Managing Control Layout
My version of what constitutes a visually pleasing interface is likely to be very different from yours, and a lot different than Alan Cooper's. In About Face and The Inmates Are Running the Asylum, Cooper writes at length about interface design and departs from the kind of interfaces that are part of his legacy as the original VB implementer. However, whether you are creating a vanilla Windows application or something that radically departs from the basic Windows metaphor, you will more than likely need to spend some time on symmetry and components .
If you are building an application that has the basic Windows look and feel, you can work with Windows Forms controls or Web Forms controls (refer to Chapter 19, "ASP.NET Web Programming," for more information on Web Controls) for Web applications. If you are contriving something radically newperhaps a kiosk application for shopping malls or software to run on something other than a PCyou might need to build your own components.
A couple of additional books on general design are Jerry Hirshberg's The Creative Priority: Putting Innovation to Work in Your Business and Donald Norman's The Design of Everyday Things .
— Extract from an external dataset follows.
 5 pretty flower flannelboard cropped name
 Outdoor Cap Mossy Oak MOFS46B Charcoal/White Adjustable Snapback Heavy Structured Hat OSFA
Whether you use standard components or custom components, you will need to manage the layout of those components in almost every instance. (So far there are no amorphous interfaces.) To this end, Windows Forms controls provide some basic properties for managing control layout, including: Anchor, Dock, DockPadding, Location, and Size .
The Control class is the base class for Windows Forms controls. Because inheritance has been introduced into Visual Basic .NET, it is important to begin thinking of behaviors that are introduced somewhere in a component's ancestral chain. One such property is the Anchor property.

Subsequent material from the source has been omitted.